Work request:
Print nothing but the lines below starting at the line that holds "Foto del edificio" and ending at the line that holds "Ras du cou avec", including both, each exactly as written.

··· Supplied material

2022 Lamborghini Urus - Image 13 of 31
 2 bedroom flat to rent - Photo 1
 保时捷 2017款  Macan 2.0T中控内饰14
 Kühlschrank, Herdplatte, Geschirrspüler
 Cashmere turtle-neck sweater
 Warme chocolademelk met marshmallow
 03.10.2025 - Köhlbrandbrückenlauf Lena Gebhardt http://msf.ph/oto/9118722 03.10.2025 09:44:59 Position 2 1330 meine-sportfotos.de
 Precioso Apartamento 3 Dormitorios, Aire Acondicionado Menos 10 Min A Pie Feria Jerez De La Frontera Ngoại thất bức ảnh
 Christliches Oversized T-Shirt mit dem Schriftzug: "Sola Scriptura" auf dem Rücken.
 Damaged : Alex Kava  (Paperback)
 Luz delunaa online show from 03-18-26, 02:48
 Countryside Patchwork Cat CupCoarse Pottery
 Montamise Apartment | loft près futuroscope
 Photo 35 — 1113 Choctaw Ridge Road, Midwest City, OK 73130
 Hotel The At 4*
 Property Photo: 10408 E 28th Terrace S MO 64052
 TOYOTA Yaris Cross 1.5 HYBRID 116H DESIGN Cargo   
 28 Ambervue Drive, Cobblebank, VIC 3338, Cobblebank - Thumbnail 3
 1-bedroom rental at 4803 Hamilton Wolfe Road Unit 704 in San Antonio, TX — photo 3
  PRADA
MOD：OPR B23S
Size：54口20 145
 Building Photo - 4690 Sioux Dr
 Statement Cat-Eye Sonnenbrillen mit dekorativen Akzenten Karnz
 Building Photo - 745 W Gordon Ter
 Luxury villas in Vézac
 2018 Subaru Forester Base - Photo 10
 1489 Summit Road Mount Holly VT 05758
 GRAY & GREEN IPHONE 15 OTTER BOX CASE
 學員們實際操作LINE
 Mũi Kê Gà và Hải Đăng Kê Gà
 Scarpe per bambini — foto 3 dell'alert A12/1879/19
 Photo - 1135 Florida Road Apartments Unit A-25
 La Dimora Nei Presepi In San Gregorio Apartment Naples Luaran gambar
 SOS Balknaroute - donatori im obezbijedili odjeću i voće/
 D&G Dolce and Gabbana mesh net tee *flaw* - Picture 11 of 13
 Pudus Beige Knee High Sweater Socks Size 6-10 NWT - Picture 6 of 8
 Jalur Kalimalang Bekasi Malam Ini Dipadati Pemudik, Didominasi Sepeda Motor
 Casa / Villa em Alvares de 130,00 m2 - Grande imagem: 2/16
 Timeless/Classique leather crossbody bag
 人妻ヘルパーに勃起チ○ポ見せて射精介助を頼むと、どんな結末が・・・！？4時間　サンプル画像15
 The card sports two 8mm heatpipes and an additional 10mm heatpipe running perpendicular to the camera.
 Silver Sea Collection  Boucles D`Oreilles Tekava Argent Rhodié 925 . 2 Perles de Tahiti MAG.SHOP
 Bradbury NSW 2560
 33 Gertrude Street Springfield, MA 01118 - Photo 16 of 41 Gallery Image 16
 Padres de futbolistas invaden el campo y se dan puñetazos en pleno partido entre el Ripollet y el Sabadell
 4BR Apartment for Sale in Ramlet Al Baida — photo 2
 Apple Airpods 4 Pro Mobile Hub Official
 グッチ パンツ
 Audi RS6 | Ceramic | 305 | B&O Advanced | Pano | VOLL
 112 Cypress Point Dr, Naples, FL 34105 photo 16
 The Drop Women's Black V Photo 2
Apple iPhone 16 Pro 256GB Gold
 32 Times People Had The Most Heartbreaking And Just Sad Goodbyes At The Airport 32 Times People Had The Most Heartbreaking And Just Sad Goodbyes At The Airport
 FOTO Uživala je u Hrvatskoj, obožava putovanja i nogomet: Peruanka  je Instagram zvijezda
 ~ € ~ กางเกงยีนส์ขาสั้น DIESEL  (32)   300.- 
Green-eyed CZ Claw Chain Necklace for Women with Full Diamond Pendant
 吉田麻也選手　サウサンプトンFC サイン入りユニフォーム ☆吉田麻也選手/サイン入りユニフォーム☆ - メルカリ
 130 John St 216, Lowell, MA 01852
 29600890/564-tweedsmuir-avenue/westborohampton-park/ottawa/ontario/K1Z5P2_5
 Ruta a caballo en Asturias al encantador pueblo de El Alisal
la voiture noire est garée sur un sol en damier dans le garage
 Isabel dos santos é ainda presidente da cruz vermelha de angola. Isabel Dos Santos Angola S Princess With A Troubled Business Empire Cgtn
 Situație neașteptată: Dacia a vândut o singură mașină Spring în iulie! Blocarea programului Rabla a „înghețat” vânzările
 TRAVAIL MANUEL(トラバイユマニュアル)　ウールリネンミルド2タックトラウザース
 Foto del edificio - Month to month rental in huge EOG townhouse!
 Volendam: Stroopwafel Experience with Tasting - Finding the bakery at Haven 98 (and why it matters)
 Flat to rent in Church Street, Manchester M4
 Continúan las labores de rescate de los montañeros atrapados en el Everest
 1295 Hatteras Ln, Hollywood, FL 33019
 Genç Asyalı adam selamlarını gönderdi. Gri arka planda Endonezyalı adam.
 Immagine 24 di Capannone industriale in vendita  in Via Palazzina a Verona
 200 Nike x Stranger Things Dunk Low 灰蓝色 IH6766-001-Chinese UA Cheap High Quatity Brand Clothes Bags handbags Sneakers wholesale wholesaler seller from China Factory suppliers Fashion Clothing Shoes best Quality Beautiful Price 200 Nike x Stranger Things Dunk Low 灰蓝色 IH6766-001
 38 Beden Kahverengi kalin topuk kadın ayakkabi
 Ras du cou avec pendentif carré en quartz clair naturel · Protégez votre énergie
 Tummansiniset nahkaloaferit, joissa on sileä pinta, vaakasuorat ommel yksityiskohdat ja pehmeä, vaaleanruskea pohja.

······

Response area:
 Foto del edificio - Month to month rental in huge EOG townhouse!
 Volendam: Stroopwafel Experience with Tasting - Finding the bakery at Haven 98 (and why it matters)
 Flat to rent in Church Street, Manchester M4
 Continúan las labores de rescate de los montañeros atrapados en el Everest
 1295 Hatteras Ln, Hollywood, FL 33019
 Genç Asyalı adam selamlarını gönderdi. Gri arka planda Endonezyalı adam.
 Immagine 24 di Capannone industriale in vendita  in Via Palazzina a Verona
 200 Nike x Stranger Things Dunk Low 灰蓝色 IH6766-001-Chinese UA Cheap High Quatity Brand Clothes Bags handbags Sneakers wholesale wholesaler seller from China Factory suppliers Fashion Clothing Shoes best Quality Beautiful Price 200 Nike x Stranger Things Dunk Low 灰蓝色 IH6766-001
 38 Beden Kahverengi kalin topuk kadın ayakkabi
 Ras du cou avec pendentif carré en quartz clair naturel · Protégez votre énergie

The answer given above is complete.